Intervention de Erwan Balanant

Séance en hémicycle du jeudi 10 décembre 2020 à 15h00
Justice pénale des mineurs — Discussion générale

Photo issue du site de l'Assemblée nationale ou de WikipediaErwan Balanant :

« Devant l'enfant, la décision judiciaire n'est valable que si elle exprime un acte de solidarité et d'amitié. » Ces mots de Jean Chazal, extraits de L'Enfance délinquante, reflètent largement l'esprit de l'ordonnance du 11 septembre 2019 soumise à la ratification de notre assemblée. Alors que nous abordons l'examen de ce texte en séance publique, le groupe Dem se situe dans une démarche de mesure et de responsabilité face aux enjeux de la justice pénale des mineurs.
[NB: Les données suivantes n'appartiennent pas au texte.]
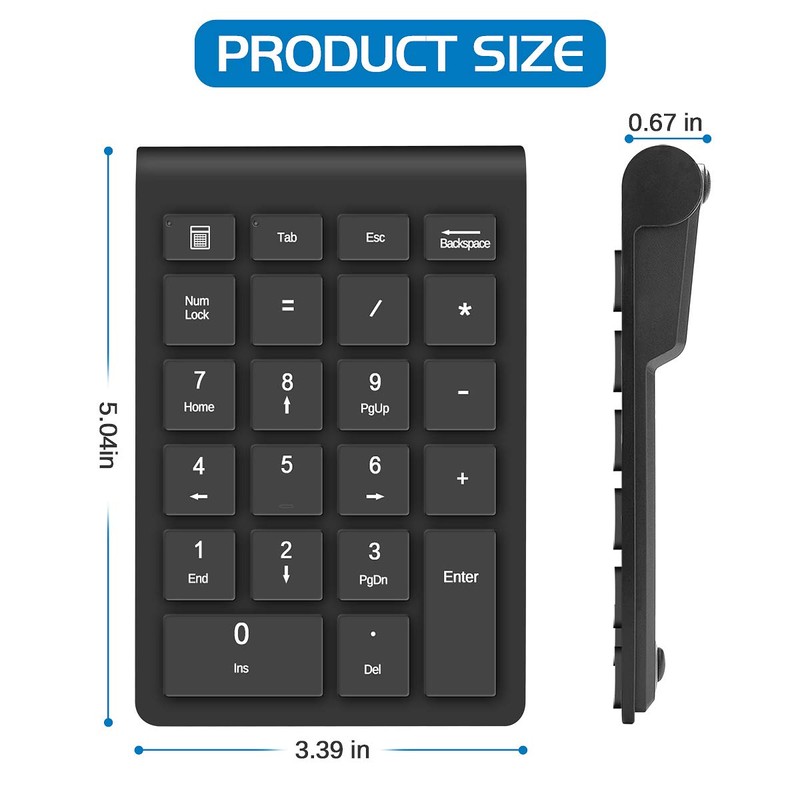 Foloda Wireless Number Pads, Numeric Keypad Numpad 22 Keys Portable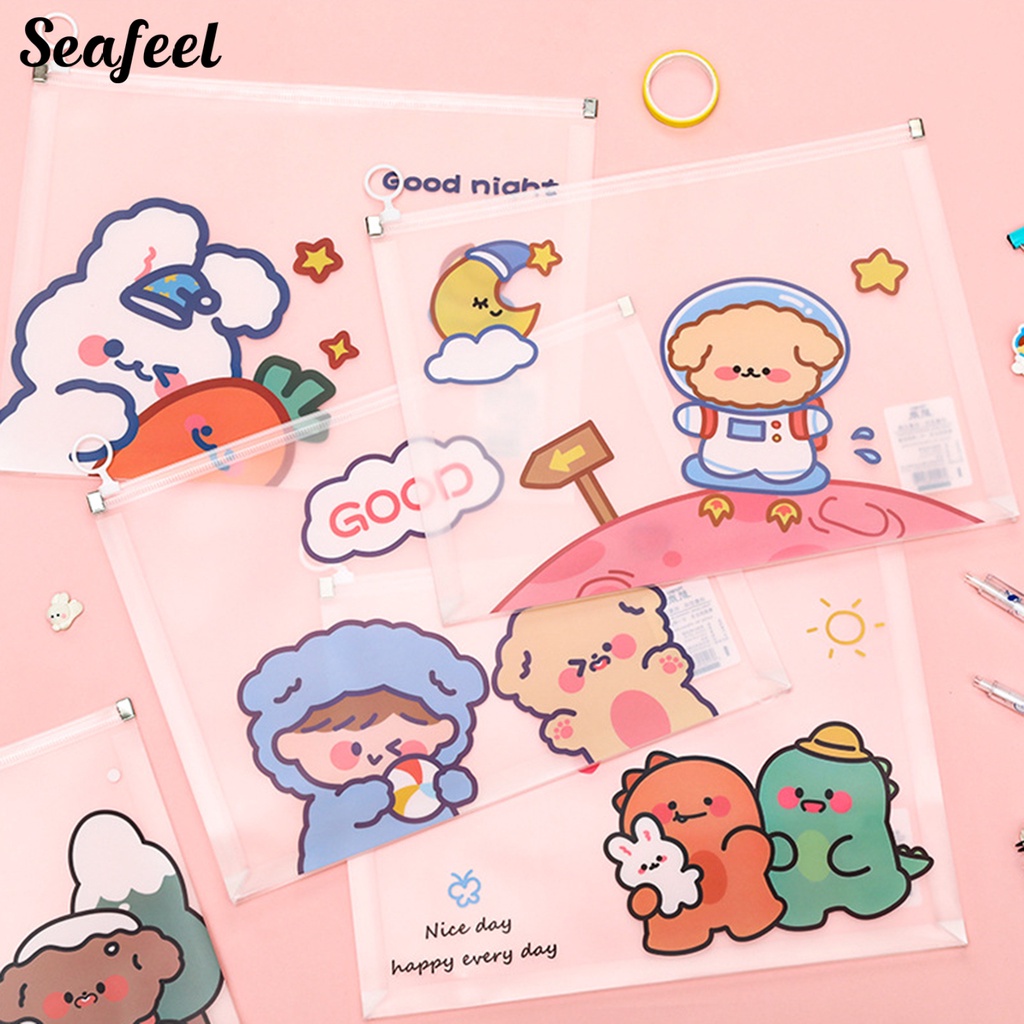 Túi Đựng Tài Liệu Cỡ A4 Đa Năng Chống Thấm Nước Có Khóa Kéo Họa Tiết Hoạt Hình Dễ Thương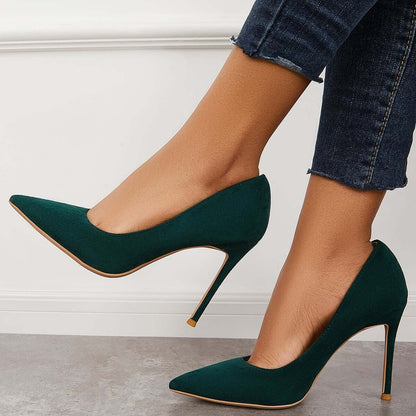 Women Elegant Classic Suede Heels Pointed Toe Dress Pumps Stiletto High Heels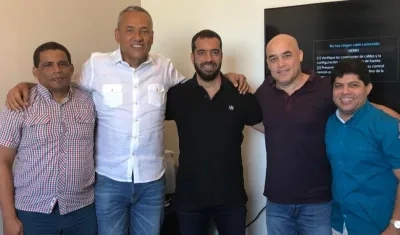 Rodrigo Martínez, Ruber Cartagena, Arturo Char, Gonzalo Baute y Javier Acuña.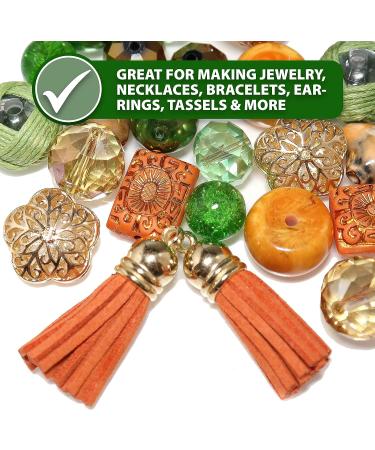 Mandala Crafts Cord End Cap & Kumihimo Finding Kit - 840 PCs, Antique Brass Assorted Sizes for Jewelry Making, Leather & Tassels - Buy Online on GoSupps.com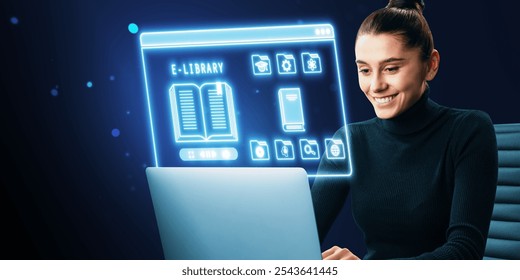 Woman using laptop with digital e-library interface, glowing neon icons on dark background. Concept of online learning and technology - Powered by Shutterstock - Get 15% off with code: PIKWIZARD15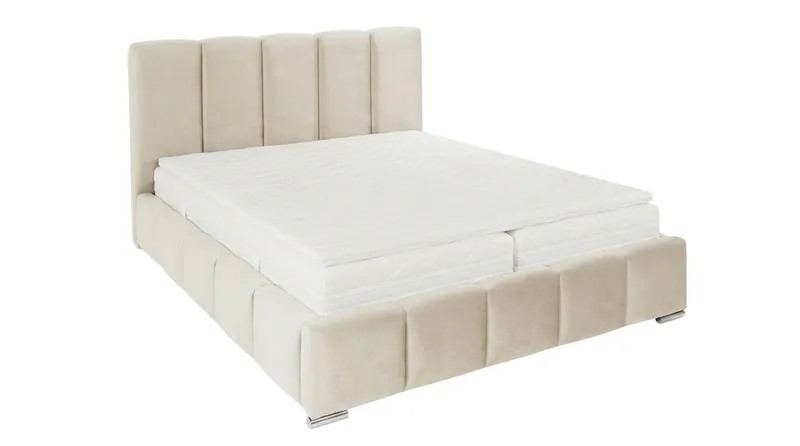 Cleaton Bubblig Sängram 180x200 cm med Förvaring HVILA Pocketresårmadrass och Bäddmadrass i Polysterskum med Tvättbar klädsel, Beige/Vit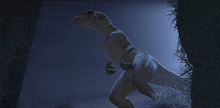 a t-rex is walking through a dark cave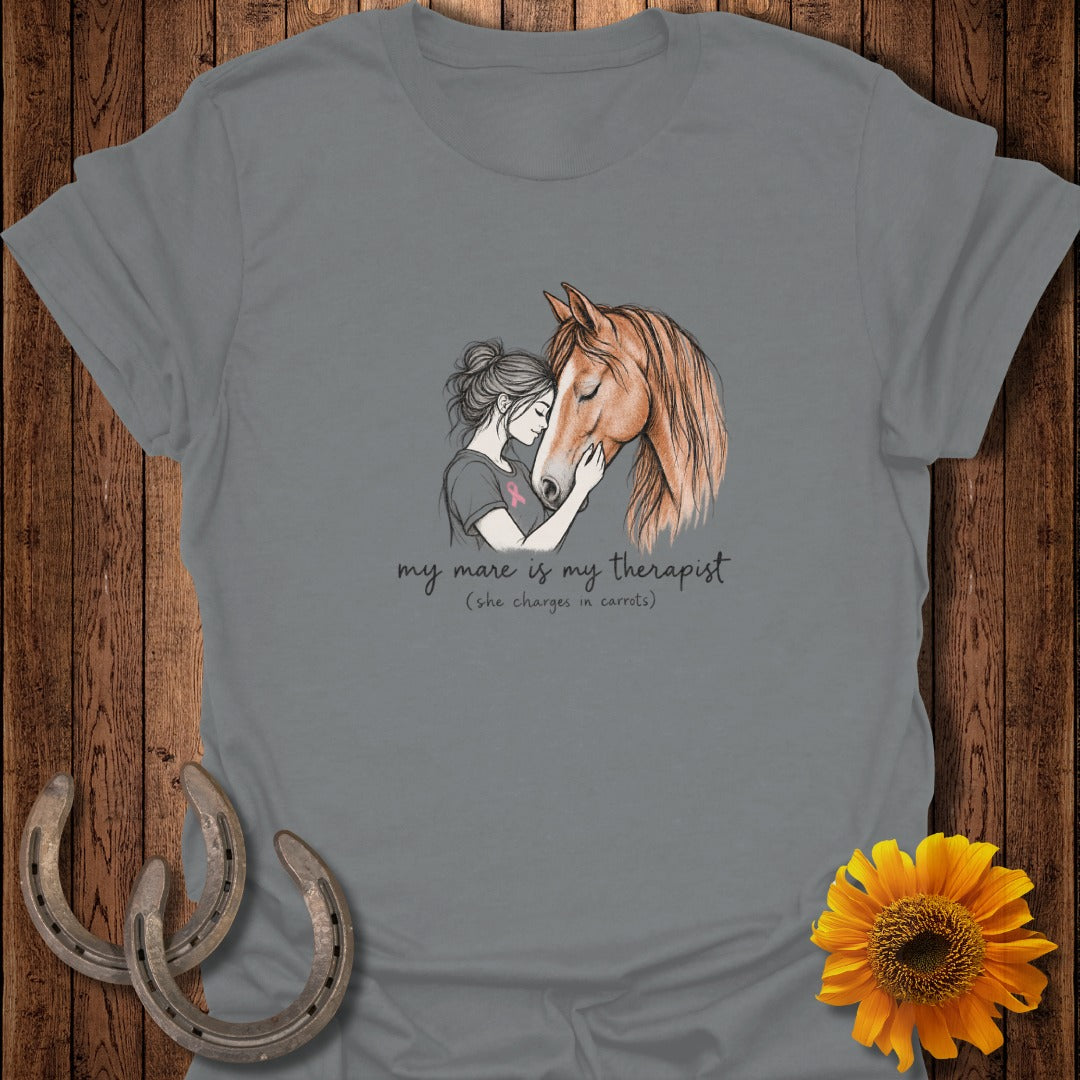 Girl hugging a horse with text "my mare is my therapist".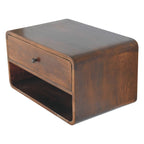 Large Solid Mango Wood Floating Nightstand – Drawer & Open Shelf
Derrière les jeunes délinquants, il y a des parcours de vie d'enfants malmenés, cabossés, en déshérence, mais il y a aussi des victimes touchées de plein fouet par la détresse et la violence de certains de ces mineurs, des victimes qui ne comprennent pas et qui ont besoin de tourner rapidement la page pour se reconstruire et avancer. Nous ne devons laisser ni les uns ni les autres dans l'incertitude face à leur avenir, pas plus, au-delà d'eux, que la société tout entière.

Monsieur le garde des sceaux, vous l'avez dit en commission des lois, « une sanction sans éducation est une machine à récidive ». Je veux ajouter qu'une condamnation pénale sans réparation civile à la hauteur de la souffrance des victimes est une machine à désespoir, une machine à faire perdre confiance dans l'institution de la justice. Nous devons donc placer le curseur de la justice pénale des mineurs au bon endroit, en trouvant le juste équilibre entre la prévention, la sanction parfois, l'éducation toujours, la réparation et la réinsertion.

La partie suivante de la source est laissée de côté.